_Description of the task_:
Of the entries that follow, how many lines hold the word "Chevrolet"? Reply with the number only.

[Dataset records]
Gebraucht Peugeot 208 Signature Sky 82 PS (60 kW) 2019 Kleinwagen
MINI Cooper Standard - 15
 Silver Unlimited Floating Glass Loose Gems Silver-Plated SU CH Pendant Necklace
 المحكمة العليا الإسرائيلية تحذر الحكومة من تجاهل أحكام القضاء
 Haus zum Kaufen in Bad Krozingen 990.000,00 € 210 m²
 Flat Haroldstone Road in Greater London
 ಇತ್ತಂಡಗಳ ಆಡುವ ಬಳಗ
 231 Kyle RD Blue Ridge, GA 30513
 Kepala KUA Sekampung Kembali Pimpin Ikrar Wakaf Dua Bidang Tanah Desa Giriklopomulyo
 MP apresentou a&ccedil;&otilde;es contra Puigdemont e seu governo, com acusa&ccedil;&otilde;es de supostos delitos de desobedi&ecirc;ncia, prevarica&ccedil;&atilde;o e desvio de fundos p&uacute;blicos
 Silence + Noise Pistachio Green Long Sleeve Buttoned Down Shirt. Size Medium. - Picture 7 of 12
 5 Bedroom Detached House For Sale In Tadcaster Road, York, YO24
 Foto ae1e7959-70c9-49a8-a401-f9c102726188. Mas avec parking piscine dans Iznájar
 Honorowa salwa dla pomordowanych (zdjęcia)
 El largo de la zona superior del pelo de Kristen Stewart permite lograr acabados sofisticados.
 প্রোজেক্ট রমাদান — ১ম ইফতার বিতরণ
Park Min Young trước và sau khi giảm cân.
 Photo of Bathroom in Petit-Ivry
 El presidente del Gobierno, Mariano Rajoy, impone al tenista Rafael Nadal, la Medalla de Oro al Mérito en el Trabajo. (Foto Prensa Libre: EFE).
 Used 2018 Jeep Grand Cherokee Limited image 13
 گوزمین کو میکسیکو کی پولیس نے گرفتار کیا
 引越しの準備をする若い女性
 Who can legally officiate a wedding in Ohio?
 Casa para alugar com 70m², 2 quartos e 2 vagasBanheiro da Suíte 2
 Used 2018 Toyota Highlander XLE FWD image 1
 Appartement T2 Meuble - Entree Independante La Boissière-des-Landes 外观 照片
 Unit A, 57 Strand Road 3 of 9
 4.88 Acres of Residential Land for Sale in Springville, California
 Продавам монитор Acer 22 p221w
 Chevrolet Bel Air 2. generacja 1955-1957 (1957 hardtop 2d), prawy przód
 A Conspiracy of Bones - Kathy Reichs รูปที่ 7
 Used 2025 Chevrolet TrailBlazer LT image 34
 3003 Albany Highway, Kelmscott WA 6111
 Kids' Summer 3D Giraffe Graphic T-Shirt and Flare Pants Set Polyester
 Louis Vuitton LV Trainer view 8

_Response box_:
2